Nuclear power plant and when nuclear-plant (such as 60 year phase in longevity), be necessarily required to periodic replacement to guarantee that its shielding properties meets always
It is required that.
Summary of the invention
The technical problems to be solved by the present invention are: the composition metal insulating layer with radiation shield function is adopted in the prior art
It is made of organic material, high temperature resistance is poor, and service life is short, needs to regularly replace, the present invention provides solve the above problems
A kind of two sides fill out the compound function metallic insulation of shielding material.
The present invention is achieved through the following technical solutions:
The compound function metallic insulation of shielding material is filled out in a kind of two sides, including heat preservation outer box and is seated in heat preservation outer box
Inside neutron shield layer, outside neutron shield layer, reflective metals paillon, inside gamma shielding layer, outside gamma shielding layer, it is described
Inside neutron shield layer, outside neutron shield layer, inside gamma shielding layer and outside gamma shielding layer are all made of with metal spy
The inorganic mask material of property is made;Filling sequence on insulation layer thickness section is successively are as follows: in heat preservation outer box inner hull, inside
Sub- shielded layer, inside gamma shielding layer, several layers metallic reflection paillon, outside gamma shielding layer, outside neutron shield layer, heat preservation
The Shell Plate of outer box;Several layers metallic reflection paillon is whole, and by positive ball-and-socket and reversed ball-and-socket, regular intervals are arranged and are formed in length and breadth
Corrugated shape, and adjacent two layers metallic reflection paillon is with the vertex of the anti-ball-and-socket in vertex of the vertex of positive ball-and-socket to reversed ball-and-socket
Backwards to formula interfolded.
The heat preservation outer box of metallic insulation provided by the invention can be inner hull towards heat-producing device outer wall, be also possible to
Shell Plate can be fabricated to plate according to the shape of equipment surface towards heat-producing device outer wall, the monnolithic case of metallic insulation
Shape, tubular, spheric.The filling number of plies of metallic reflection paillon depending on the heat preservation of heat-producing device and radiation shielding needs,
Spacing between adjacent two layers metallic reflection paillon can be adjusted by controlling the height of positive and negative ball-and-socket, to reach metallic reflection
The optimization of paillon the filling number of plies and heat insulating effect.Adjacent two layers metallic reflective foil piece must be positive ball-and-socket when loading
Apexes contact is complete to the contact between formula interfolded, guarantee adjacent two layers metallic reflection paillon on the vertex of reversed ball-and-socket
It is point contact, it is therefore an objective to reduce metal contact area, reduce the loss of metal thermal contact conductance.

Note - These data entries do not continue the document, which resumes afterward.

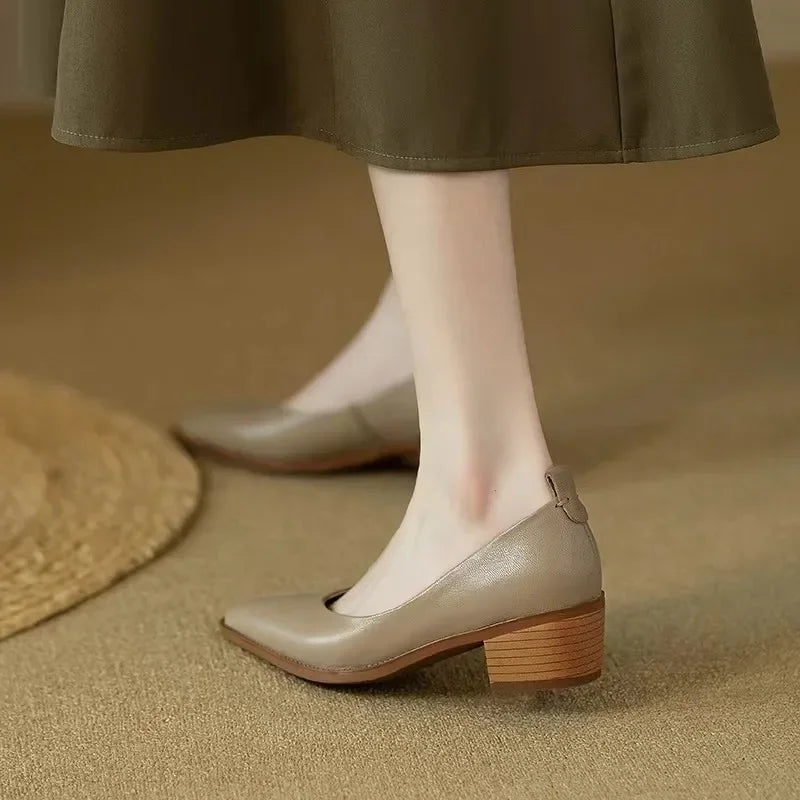 Helen - Klassische Mary Janes
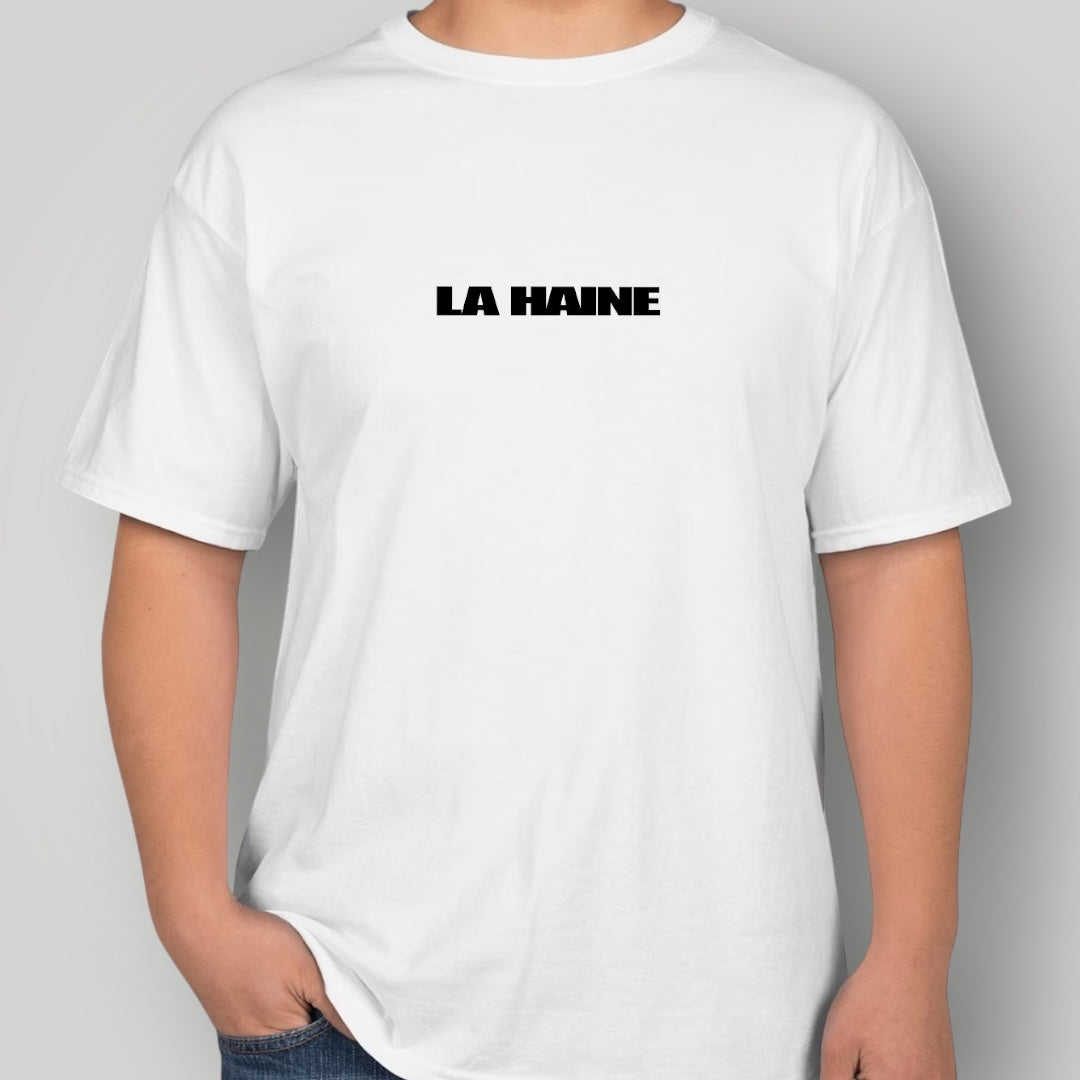 T-shirt La chute white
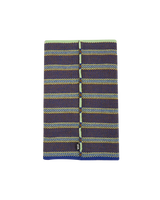 TIE-UP STRIPE BEANIE (MELON)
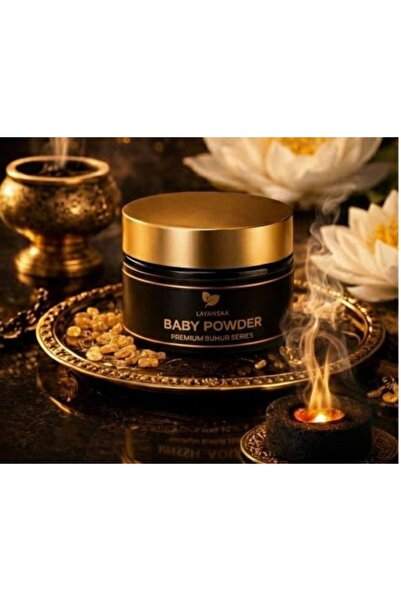 ENJOY SHOP BABY PUDRA ( POWDER ) KOKULU BUHUR TÜTSÜ İTHAL ÜRÜN ( 10 ADET KÖMÜ...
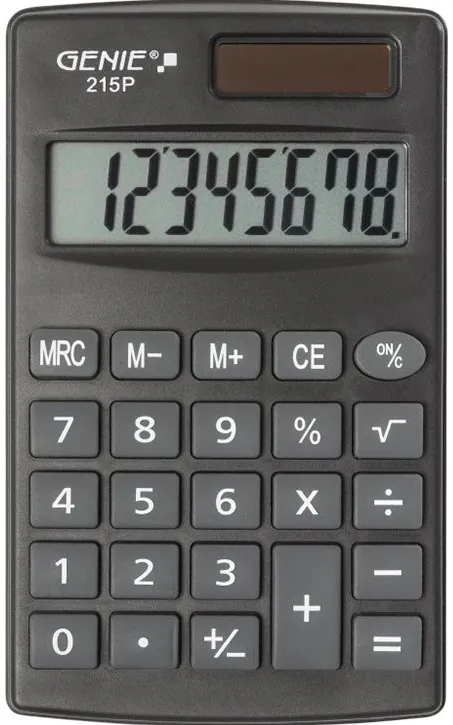 GENIE Calculator 215 P 8-stellig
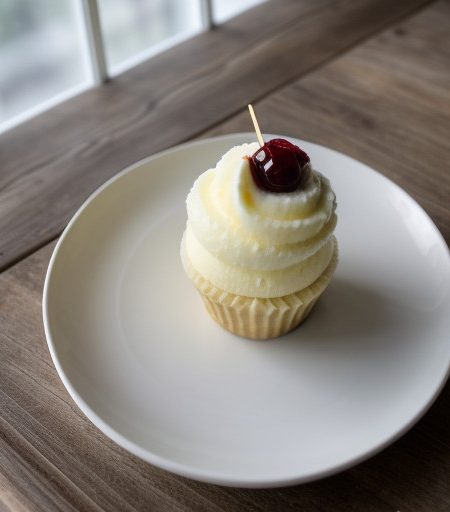 White Chocolate Chocolate Chip Sorbet recipe image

Further, between the inside gamma shielding layer and metallic reflection paillon and outside gamma shielding layer and gold
Belong to and is equipped with demarcation plate between reflective foil;The demarcation plate, which will be kept the temperature in outer box, is divided into three independent chambers, and demarcation plate is adopted
It is made of the austenitic stainless steel thin plate in bimirror face.

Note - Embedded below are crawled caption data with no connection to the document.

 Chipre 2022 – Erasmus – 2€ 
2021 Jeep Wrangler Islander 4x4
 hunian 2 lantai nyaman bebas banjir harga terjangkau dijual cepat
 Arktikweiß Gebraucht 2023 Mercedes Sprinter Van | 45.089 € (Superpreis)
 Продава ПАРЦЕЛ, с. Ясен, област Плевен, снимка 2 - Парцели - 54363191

Demarcation plate and the surrounding side coverboard of heat preservation outer box carry out discontinuous welding connection, it is therefore an objective to the neutron screen by inside and outside
It covers layer and gamma shielding layer to separate with intermediate metallic reflection paillon, is divided into three independent chambers in heat preservation outer box.
Further, the heat preservation outer box are the side coverboards by inner hull, Shell Plate and surrounding by being formed by welding one
A closed outer box, the side coverboard of the inner hull, Shell Plate and surrounding are all made of the austenitic stainless steel thin plate in bimirror face
It is made.
Further, Co content mass percent≤1% of the austenitic stainless steel thin plate, in reducing be subjected to as far as possible
Activation dosage level after son and gamma irradiation.
Further, the inside neutron shield layer and outside neutron shield layer be all made of the pure grade boron carbide agglomerate of core or
Aluminum-based boron carbide composite plate is made.
Further, the inside neutron shield layer and outside neutron shield layer are all made of multilayer boron carbide agglomerate or more
Layer aluminum-based boron carbide composite plate is staggeredly stacked to reach and form, and the spelling of adjacent two layers boron carbide agglomerate or aluminum-based boron carbide composite plate
Seam mutually staggers.
The thickness of inside neutron shield layer and outside neutron shield layer, can be by multilayer boron depending on radiation shielding needs
Agglomerate or Multi-layer Al-based boron carbide composite plate, which are staggeredly stacked, reaches overall thickness requirement.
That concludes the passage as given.